---------- Data extract ----------

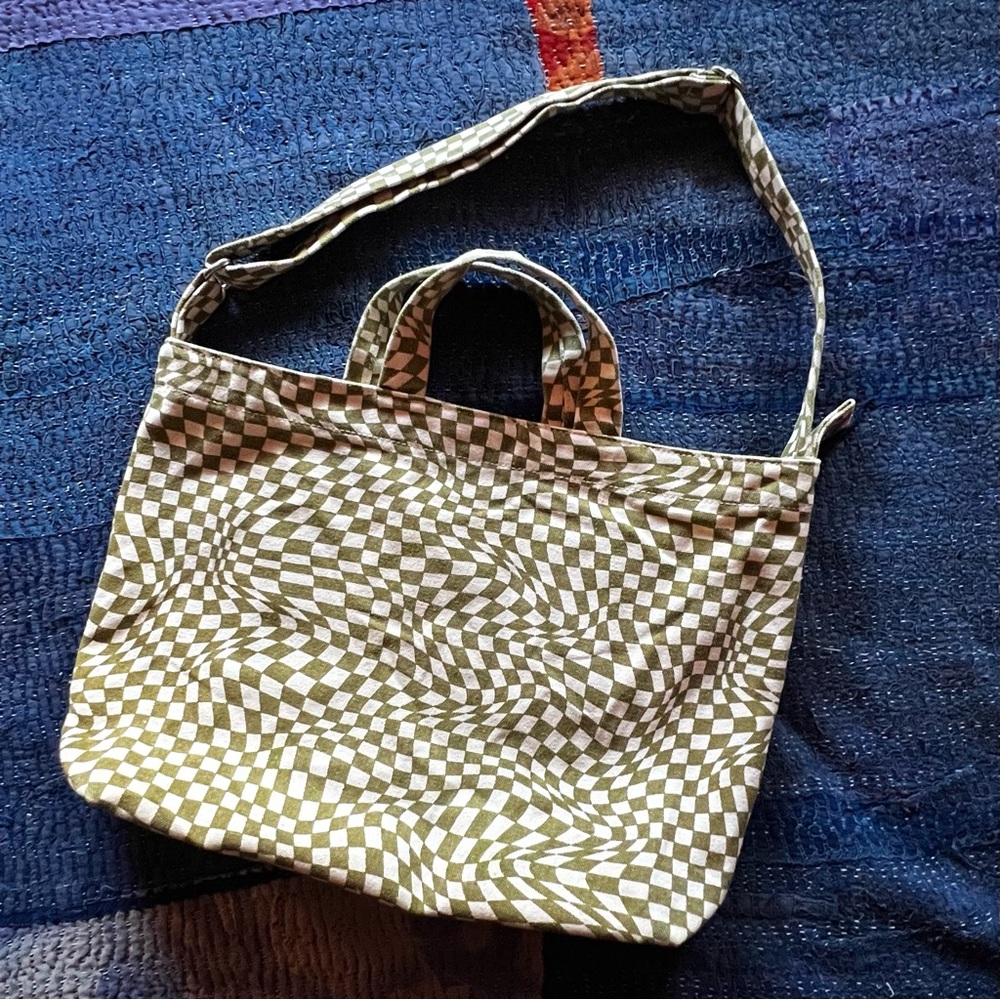 BAGGU Duck Bag Canvas Tote, Essential Everyday Tote, Spacious and Roomy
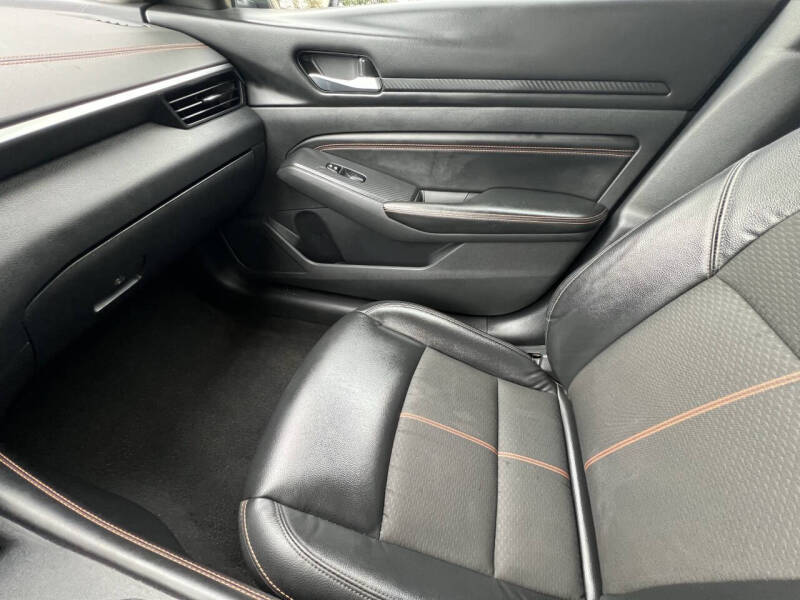 2021 Nissan Altima 2.5 SR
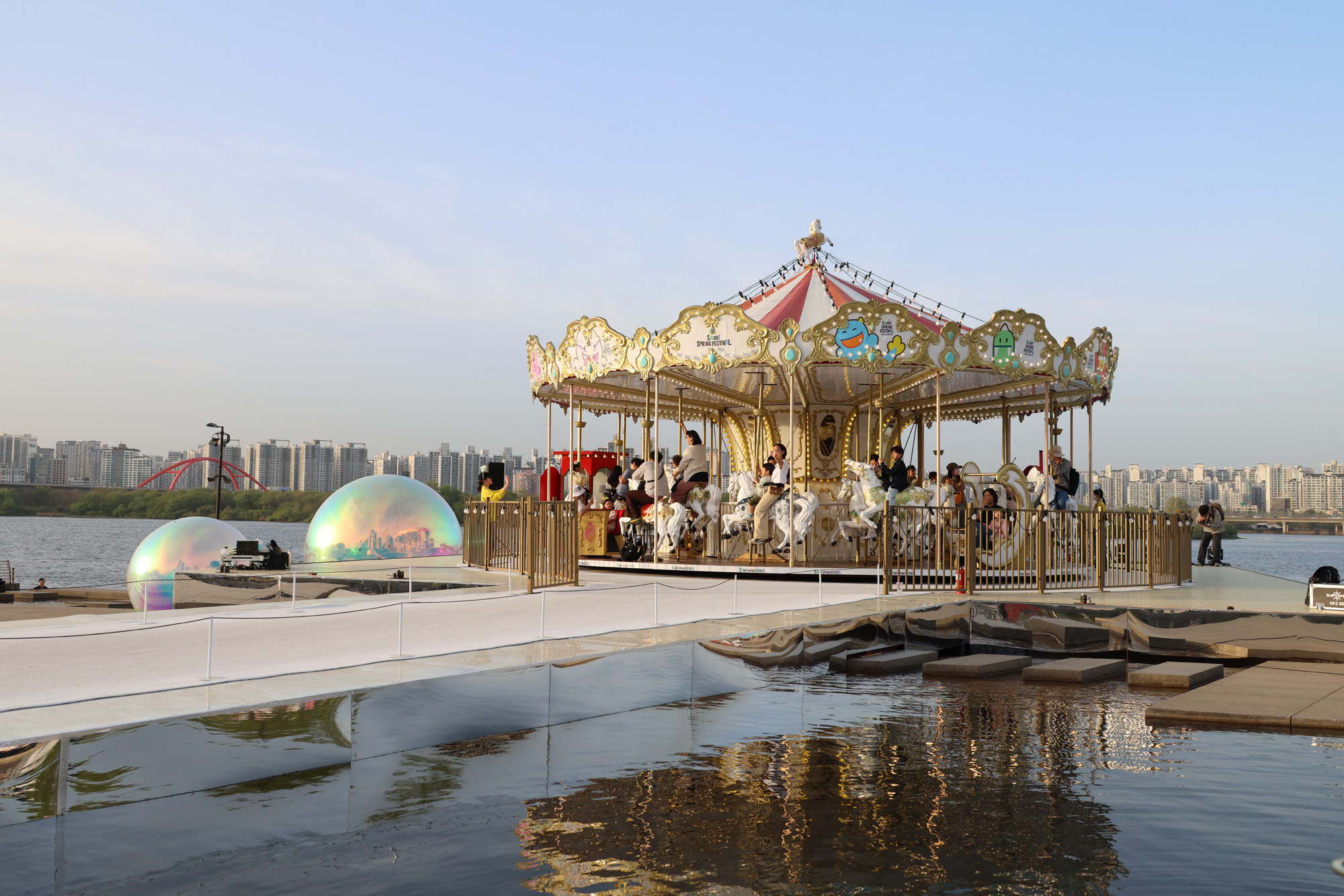 사회;문화;여의도한강공원;물빛광장;서울스프링페스티벌;한강회전목마;회전목마시그니처쇼;한강봄나들이;한강소풍;여의도물빛광장물놀이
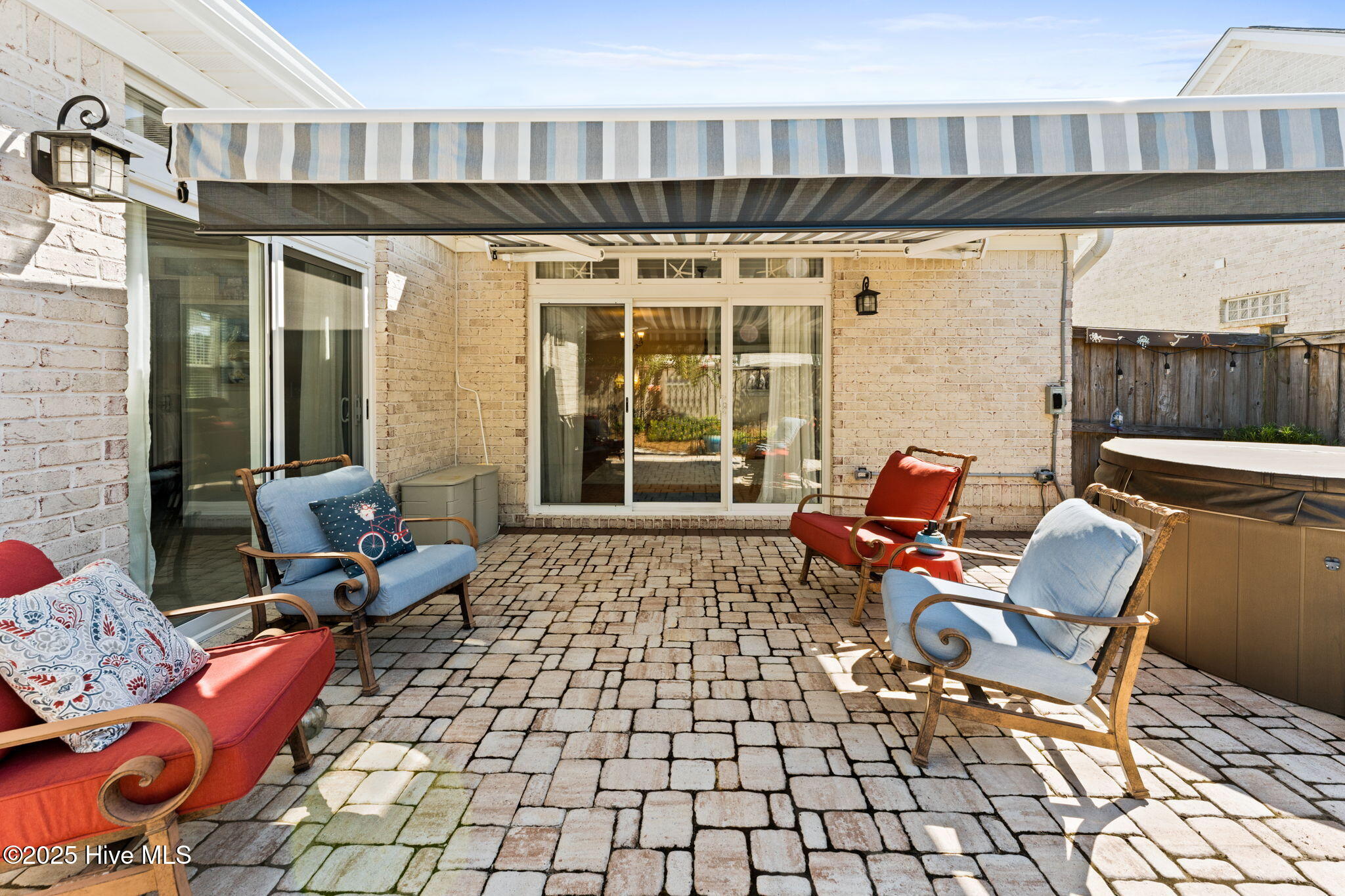 100528082 | Photo 19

----------

__Task__: Pictures are to be left out; the rest of the listing should be printed exactly.

__Answer box__:
 BAGGU Duck Bag Canvas Tote, Essential Everyday Tote, Spacious and Roomy
 2021 Nissan Altima 2.5 SR
 사회;문화;여의도한강공원;물빛광장;서울스프링페스티벌;한강회전목마;회전목마시그니처쇼;한강봄나들이;한강소풍;여의도물빛광장물놀이
 100528082 | Photo 19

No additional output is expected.